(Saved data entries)

■ ■ ■ ■

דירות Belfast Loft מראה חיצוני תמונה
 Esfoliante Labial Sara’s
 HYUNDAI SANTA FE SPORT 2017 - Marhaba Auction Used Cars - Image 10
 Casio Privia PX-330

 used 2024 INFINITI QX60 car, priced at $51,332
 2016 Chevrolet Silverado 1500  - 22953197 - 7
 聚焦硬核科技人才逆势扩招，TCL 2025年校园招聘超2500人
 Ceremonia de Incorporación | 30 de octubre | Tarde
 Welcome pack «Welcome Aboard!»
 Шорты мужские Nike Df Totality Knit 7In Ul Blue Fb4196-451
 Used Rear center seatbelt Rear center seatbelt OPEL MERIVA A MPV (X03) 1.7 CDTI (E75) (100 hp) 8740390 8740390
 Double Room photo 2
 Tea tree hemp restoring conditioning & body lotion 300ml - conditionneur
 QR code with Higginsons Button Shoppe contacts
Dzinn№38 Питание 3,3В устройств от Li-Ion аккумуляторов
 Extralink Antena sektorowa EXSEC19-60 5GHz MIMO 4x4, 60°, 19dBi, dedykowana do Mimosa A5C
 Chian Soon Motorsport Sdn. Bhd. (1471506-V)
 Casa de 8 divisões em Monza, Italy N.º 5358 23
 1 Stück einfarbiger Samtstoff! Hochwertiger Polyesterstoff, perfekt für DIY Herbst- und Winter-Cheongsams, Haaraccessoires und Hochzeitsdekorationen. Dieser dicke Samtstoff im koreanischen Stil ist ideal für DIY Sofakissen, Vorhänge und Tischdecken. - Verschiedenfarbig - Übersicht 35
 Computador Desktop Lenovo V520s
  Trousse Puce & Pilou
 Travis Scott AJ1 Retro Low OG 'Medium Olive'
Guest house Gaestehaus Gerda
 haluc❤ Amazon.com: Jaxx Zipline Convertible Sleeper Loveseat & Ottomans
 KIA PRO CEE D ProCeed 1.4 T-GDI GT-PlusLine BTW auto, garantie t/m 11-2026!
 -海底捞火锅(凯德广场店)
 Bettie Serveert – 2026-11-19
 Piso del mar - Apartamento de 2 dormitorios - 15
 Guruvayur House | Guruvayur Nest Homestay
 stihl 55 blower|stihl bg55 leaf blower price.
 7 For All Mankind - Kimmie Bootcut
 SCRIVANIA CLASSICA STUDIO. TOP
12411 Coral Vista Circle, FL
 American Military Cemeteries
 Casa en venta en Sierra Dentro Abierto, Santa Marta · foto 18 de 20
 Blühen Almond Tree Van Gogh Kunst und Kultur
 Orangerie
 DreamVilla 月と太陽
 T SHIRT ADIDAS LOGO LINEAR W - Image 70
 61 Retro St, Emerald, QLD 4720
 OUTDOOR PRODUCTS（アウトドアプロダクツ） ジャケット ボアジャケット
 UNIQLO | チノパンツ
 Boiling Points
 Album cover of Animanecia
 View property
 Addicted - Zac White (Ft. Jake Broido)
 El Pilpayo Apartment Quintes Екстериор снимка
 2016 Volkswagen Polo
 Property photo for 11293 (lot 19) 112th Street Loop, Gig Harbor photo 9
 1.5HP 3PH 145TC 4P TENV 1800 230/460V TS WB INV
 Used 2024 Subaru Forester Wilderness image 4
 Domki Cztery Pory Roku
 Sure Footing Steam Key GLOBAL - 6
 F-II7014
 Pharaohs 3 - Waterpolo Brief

■ ■ ■ ■

WHAT THIS TASK INVOLVES: In the entries above, the lines between the one holding "Guest house Gaestehaus Gerda" and the one holding "Used 2024 Subaru Forester Wilderness image 4", inclusive, are to be printed exactly as written, and those alone.

EXERCISE OUTPUT:
Guest house Gaestehaus Gerda
 haluc❤ Amazon.com: Jaxx Zipline Convertible Sleeper Loveseat & Ottomans
 KIA PRO CEE D ProCeed 1.4 T-GDI GT-PlusLine BTW auto, garantie t/m 11-2026!
 -海底捞火锅(凯德广场店)
 Bettie Serveert – 2026-11-19
 Piso del mar - Apartamento de 2 dormitorios - 15
 Guruvayur House | Guruvayur Nest Homestay
 stihl 55 blower|stihl bg55 leaf blower price.
 7 For All Mankind - Kimmie Bootcut
 SCRIVANIA CLASSICA STUDIO. TOP
12411 Coral Vista Circle, FL
 American Military Cemeteries
 Casa en venta en Sierra Dentro Abierto, Santa Marta · foto 18 de 20
 Blühen Almond Tree Van Gogh Kunst und Kultur
 Orangerie
 DreamVilla 月と太陽
 T SHIRT ADIDAS LOGO LINEAR W - Image 70
 61 Retro St, Emerald, QLD 4720
 OUTDOOR PRODUCTS（アウトドアプロダクツ） ジャケット ボアジャケット
 UNIQLO | チノパンツ
 Boiling Points
 Album cover of Animanecia
 View property
 Addicted - Zac White (Ft. Jake Broido)
 El Pilpayo Apartment Quintes Екстериор снимка
 2016 Volkswagen Polo
 Property photo for 11293 (lot 19) 112th Street Loop, Gig Harbor photo 9
 1.5HP 3PH 145TC 4P TENV 1800 230/460V TS WB INV
 Used 2024 Subaru Forester Wilderness image 4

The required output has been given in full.